* **Provided material**:
_ _ _ _ _
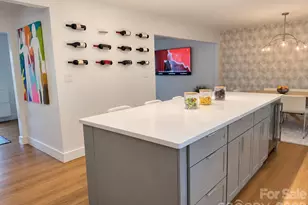 822 Ingraham Pl, Charlotte, NC 28270 - Photo 10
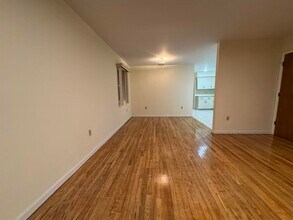 4414 Liberty Ave in North Bergen, NJ - Building Photo - Building Photo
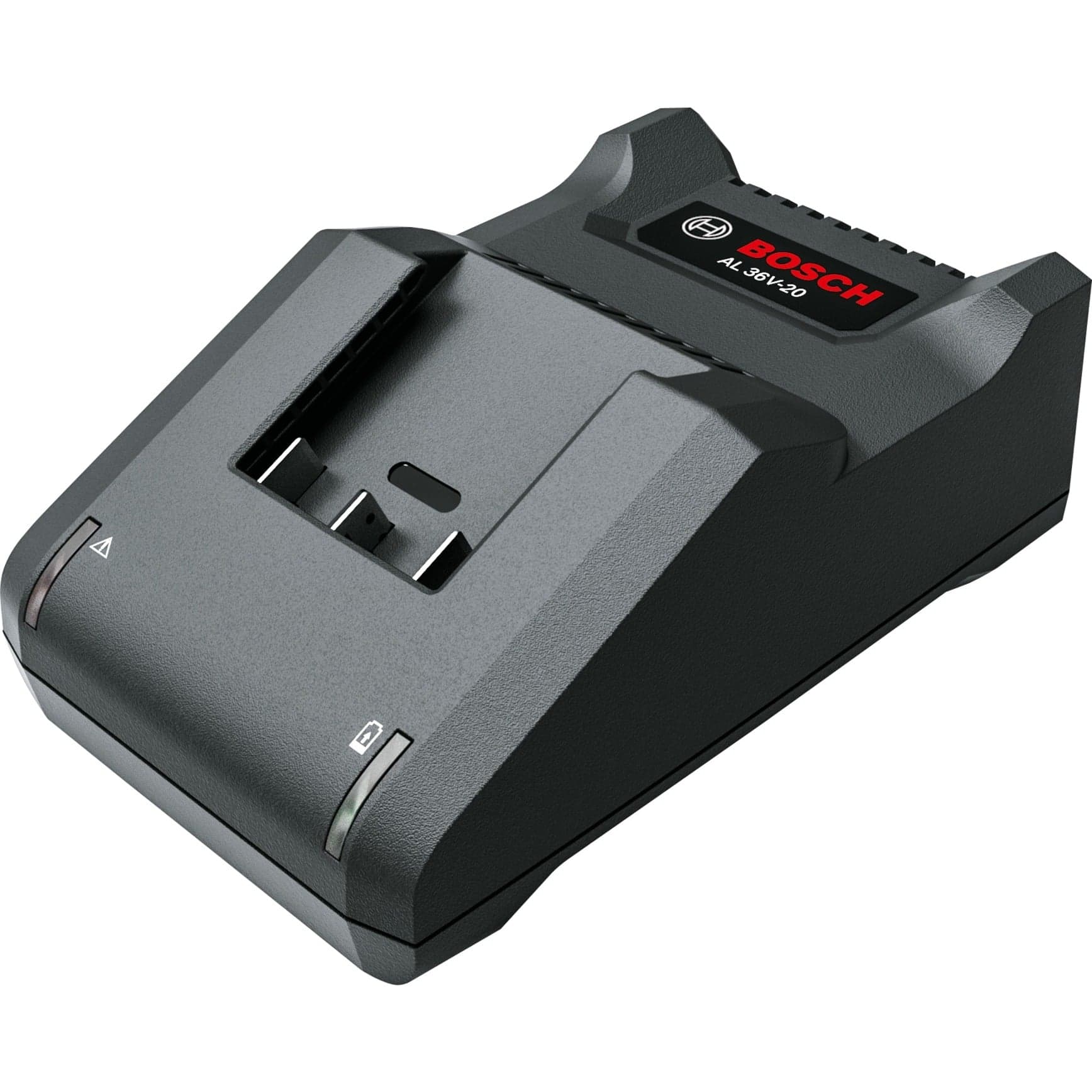 Ladegerät AL 36V-20 – Bild 1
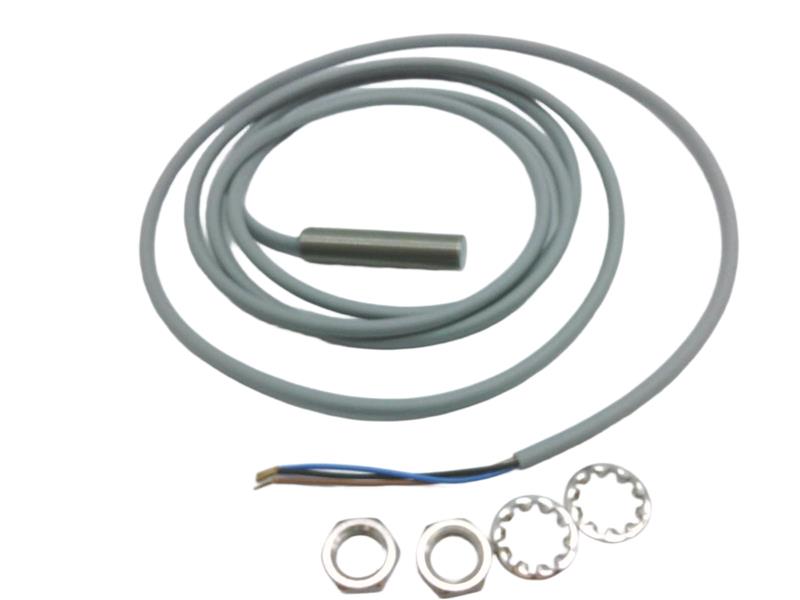 CONTRINEX DW-AD-703-M12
_ _ _ _ _
* **Required work**: The answer is to be the lines from the line that contains "Ladegerät AL 36V-20 – Bild 1" through the last line of the material, retyped exactly, both included, with pictures left out, please.

* **Answer below**:
 Ladegerät AL 36V-20 – Bild 1
 CONTRINEX DW-AD-703-M12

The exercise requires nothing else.